TASK TO COMPLETE
Among the entries that follow, the required portion opens with the line containing "Laser IPL Hair" and closes with the line containing "Kopparberg Mixed Fruit". Give that portion again exactly, and nothing else.

SUPPLIED RECORDS

= = = = = = =

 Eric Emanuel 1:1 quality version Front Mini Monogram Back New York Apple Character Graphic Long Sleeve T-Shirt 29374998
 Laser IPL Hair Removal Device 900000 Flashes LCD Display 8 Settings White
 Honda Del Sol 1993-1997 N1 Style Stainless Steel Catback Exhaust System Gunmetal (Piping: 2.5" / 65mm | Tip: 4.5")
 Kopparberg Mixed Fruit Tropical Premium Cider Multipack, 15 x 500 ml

= = = = = = =

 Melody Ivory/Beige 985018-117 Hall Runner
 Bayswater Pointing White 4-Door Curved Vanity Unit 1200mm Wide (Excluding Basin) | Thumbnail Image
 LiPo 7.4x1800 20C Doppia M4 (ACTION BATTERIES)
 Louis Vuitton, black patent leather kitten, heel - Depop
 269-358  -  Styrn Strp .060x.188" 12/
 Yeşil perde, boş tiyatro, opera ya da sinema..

= = = = = = =

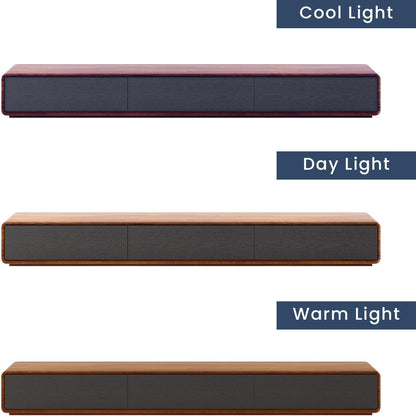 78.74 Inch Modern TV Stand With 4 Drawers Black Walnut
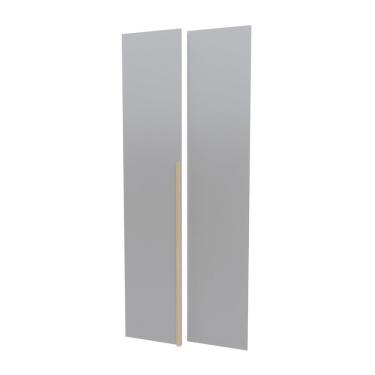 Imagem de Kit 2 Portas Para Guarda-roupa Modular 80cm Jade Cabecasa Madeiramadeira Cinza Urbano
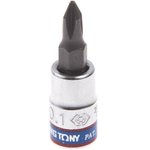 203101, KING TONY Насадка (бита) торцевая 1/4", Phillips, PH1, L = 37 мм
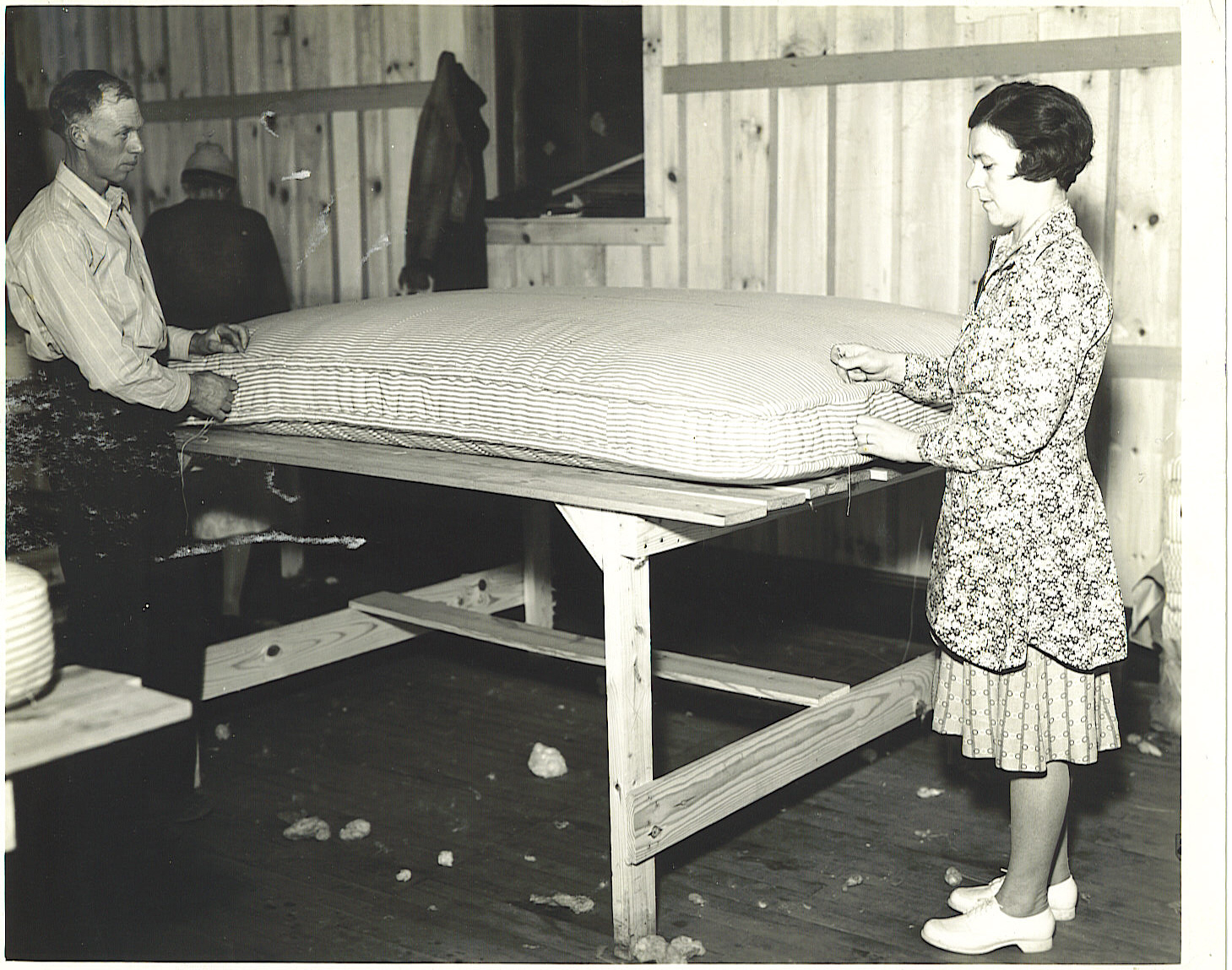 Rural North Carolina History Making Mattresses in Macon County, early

= = = = = = =

SOLUTION
 Laser IPL Hair Removal Device 900000 Flashes LCD Display 8 Settings White
 Honda Del Sol 1993-1997 N1 Style Stainless Steel Catback Exhaust System Gunmetal (Piping: 2.5" / 65mm | Tip: 4.5")
 Kopparberg Mixed Fruit Tropical Premium Cider Multipack, 15 x 500 ml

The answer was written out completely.